Tour de France : comment la Slovénie s'est mise à rouler sur le peloton avec Primoz Roglic et Tadej Pogacar
C'est l'histoire d'un pays, grand comme les îles Fidji et peuplé comme Paris intra-muros, qui est en train de dominer la Grande Boucle.
"Vous, les Français, vous étiez excités comme jamais lors des jours qui précédaient la finale de la Coupe du monde 98 ? Nous, c'est pareil, et ça dure depuis deux semaines." C'est peu dire que la démonstration de force des Slovènes Primoz Roglic (Team Jumbo-Visma) et Tadej Pogacar (UAE Team Emirates) sur le Tour de France – à ce jour, une victoire d'étape chacun et le maillot jaune solidement accroché sur les épaules du premier cité – entraîne une poussée de fièvre au pays. Ce que décrit Primoz Petrovcic (oui, et pourtant le prénom n'est pas si répandu là-bas), amoureux de la petite reine de la première heure. Mais comment expliquer la réussite insolente de ce petit pays des Balkans, coincé entre l'Italie et la Croatie ? Eléments de réponse, alors que le peloton retrouve la montagne à l'occasion de la 13e étape entre Châtel-Guyon et Puy Mary Cantal, vendredi 11 septembre.
Jusqu'à une époque très récente, on associait davantage la Slovénie au basket ou aux sports d'hiver qu'au cyclisme. Le premier Slovène à participer au Tour, en 1936, n'a pas laissé une grande trace et le passage du pays de l'autre côté du rideau de fer a longtemps rendu impossible l'arrivée des coureurs du cru dans le peloton. Le mur de Berlin est tombé en 1989, mais celui qui s'est installé dans la tête des coureurs slovènes n'a pas bougé d'un millimètre, raconte Matej Zalar, journaliste au magazine slovène Runda. "Comme Andrej Hauptman [surprenant 3e aux championnats du monde de 2001 à Lisbonne] me le racontait, les rares coureurs slovènes se satisfaisaient de s'accrocher dans le peloton. C'était ancré dans leur mentalité.

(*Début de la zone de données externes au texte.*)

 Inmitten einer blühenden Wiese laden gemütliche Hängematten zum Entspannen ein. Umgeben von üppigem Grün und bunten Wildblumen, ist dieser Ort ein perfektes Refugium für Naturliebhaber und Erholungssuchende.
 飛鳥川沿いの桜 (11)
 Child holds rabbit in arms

Comme on vient d'un petit pays, on n'a aucune chance de gagner une grande course."
Des coureurs longtemps vus comme des porteurs d'eau
Les équipes italiennes qui les emploient les voient surtout comme des gregarii au service des stars locales. "A qualités égales, on était surtout moins chers qu'un Italien ou qu'un Français", sourit Jure Kocjan, qui a fait le grand saut à l'étranger dans l'équipe basque Euskaltel en 2013. Pas pour son coup de pédale, mais parce qu'il apportait de précieux points UCI (la fédération internationale de cyclisme), nécessaires à sa nouvelle équipe pour se maintenir dans l'élite mondiale. "Sinon, ils ne m'auraient jamais proposé un contrat."

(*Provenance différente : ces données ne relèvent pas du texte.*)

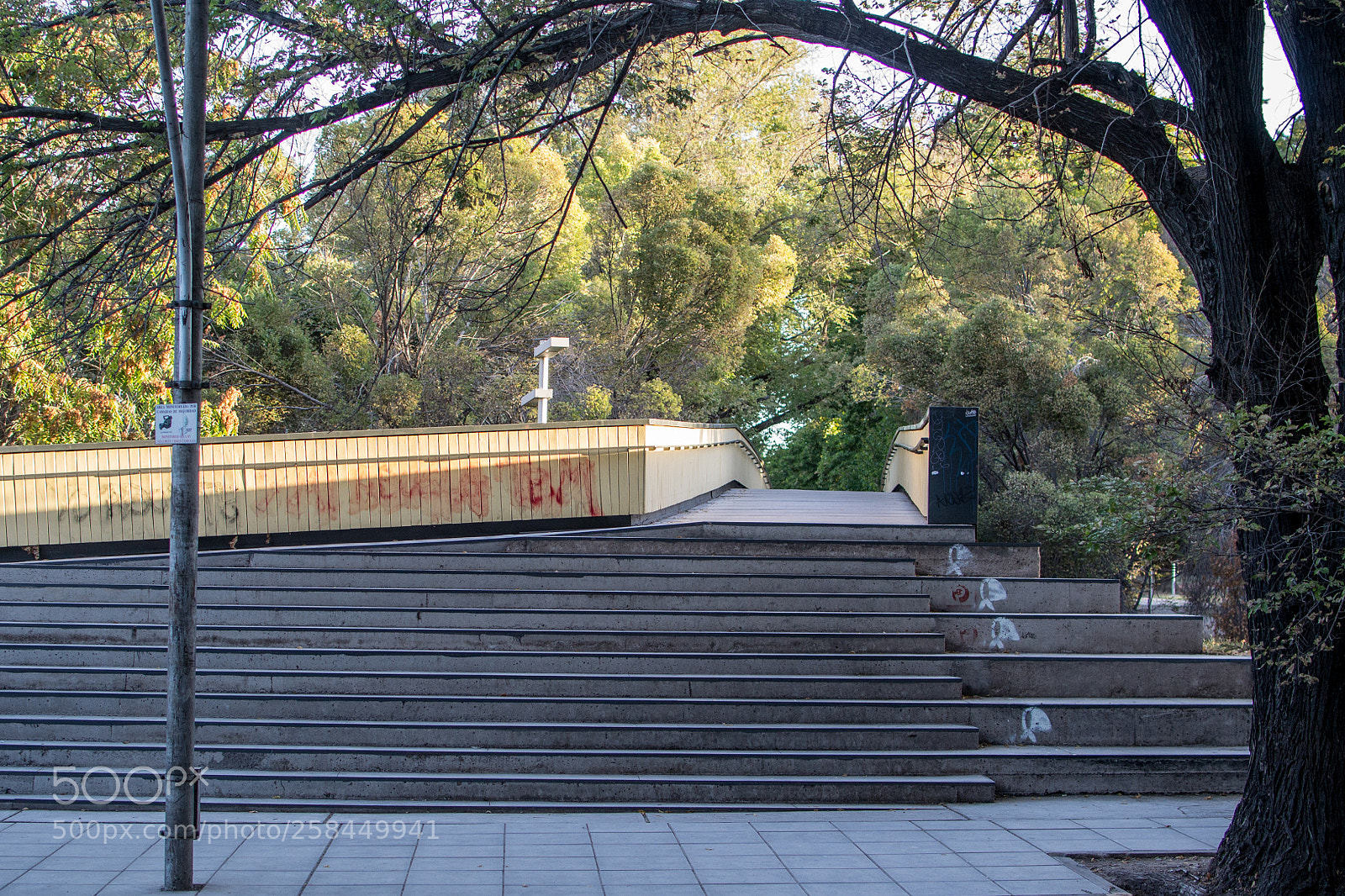 Nikon D3100 sample photo. Bridge photography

Et puis, petit à petit, les coureurs slovènes ont (enfin) fait étalage de leurs qualités en montagne. La Slovénie n'est pas un des deux seuls pays au monde à les afficher sur son drapeau pour rien (l'autre étant le Népal, encore terra incognita pour le cyclisme professionnel). "On dit que tout bon Slovène doit avoir gravi le Triglav [le point culminant du pays, à 2 864 m d'altitude] au moins une fois dans sa vie", sourit le géographe Laurent Hassid, spécialiste du pays. Ça tombe bien, les horaires de travail en Slovénie se prêtent bien à la pratique sportive. "Il n'est pas rare que les salariés slovènes commencent très tôt, vers 7 heures du matin, et sortent du bureau à 15 heures." Le temps d'enfiler un cuissard et on se retrouve vite sur un petit col dans ce pays montagneux où s'achève l'arc alpin.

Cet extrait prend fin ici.